Therefore, if a real function $f:\ \mathbb{R}\rightarrow\mathbb{R}$ has a finite support, then there's a subset of $\mathbb{R}$ where it is not zero, and everywhere else it is mapped to zero.

E.g. a function $f$ that is equal to $x^{2}+1$ when $|x|<1$ and zero everywhere else, has finite support, since it is non-zero in the set $(-1, 1)$, and zero in $\mathbb{R}\backslash(-1, 1)$. To be precise, the set $(-1, 1)$ is the function's support (supp($f$)).

In your example, you can show that for all functions that vanish at infinity, like $f$, that is $\lim_{x\rightarrow\pm\infty}f=0$, it is true that the intgral $ \int_{a}^{\infty}f\, dx $ decreases as $a$ increases ($\exists\delta>0$ such as this is true $\forall a>\delta$), and the same holds for negative infinity.

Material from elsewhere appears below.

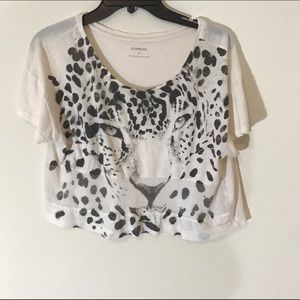 Express crop top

Thus, try assigning to $\eta$ $ \eta= \left\{ \begin{array}{ll} f, & x\in (-q, q) \\ 0, & x\in \mathbb{R}\backslash(-q, q) \end{array} \right. $

so that the integral of their absolute difference $\int_{\mathbb{R}}|f-\eta|\, dx$ decreases as $q$ increases. Hence, you have a function $\Phi(q)=\int_{\mathbb{R}}|f-\eta|\, dx,\ q>0$, that is decreasing. From this point on, try a theorem (e.g. Bolzano's theorem) to show that $\Phi:\ (0, \infty)\rightarrow(0, \max(\Phi))$, is equal to $\epsilon$ at at least one point.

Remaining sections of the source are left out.